Sir John Macdonald, the nation's first prime minister and a loquacious, charismatic Scot who sometimes took more port than both his legs would stand, resigned amidst a finacial scandal involving the funding of the company. And worse...mandated by HM's government in London to Confederate the provinces of its vast North American colony, he had only been able to win British Columbia's agreement to join up with a promise that they would be connected to everyone else by the railway within 10 years.

It was a promise - which in those days anyway - the politicians felt duty-bound to keep.

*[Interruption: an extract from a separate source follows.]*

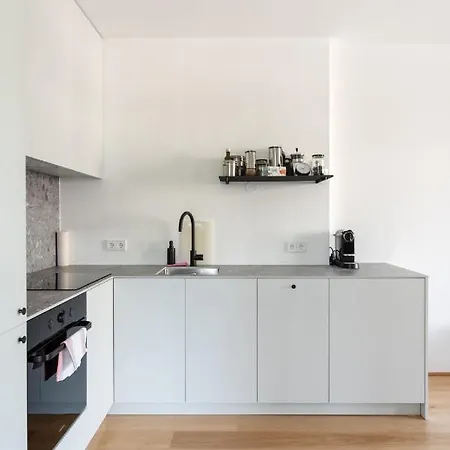 Apartment Neu Zentral Und Ruhig An Der U2 / Stadion Wien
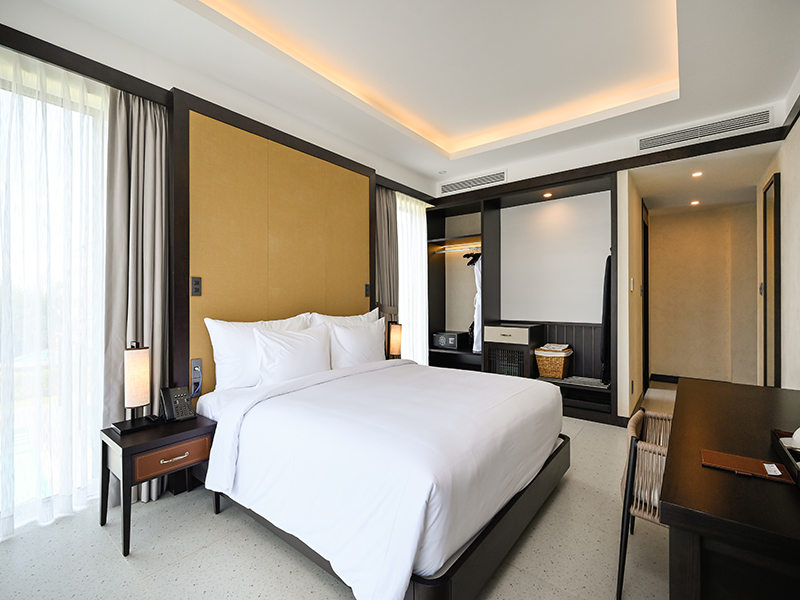 Emerald Ho Tram Resort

Swathed in hardship, frostbite and tales of derring-do, thousands of labourers (mostly Irish and Chinese) toiled to dig and dynamite their way through the Rockies after surveyors had searched for months to map out a route.

In Ontario, a land of quick-sinking muskegs, frustrated track-layers often awoke to find their efforts of the day before simply vanished overnight into the gooey depths of a shifting bog.

Despite it all, such was the national pride and importance of the project, the work was nonetheless completed, not in the promised 10 years, but in just 4½. And the first passenger train ran coast-to-coast six months later.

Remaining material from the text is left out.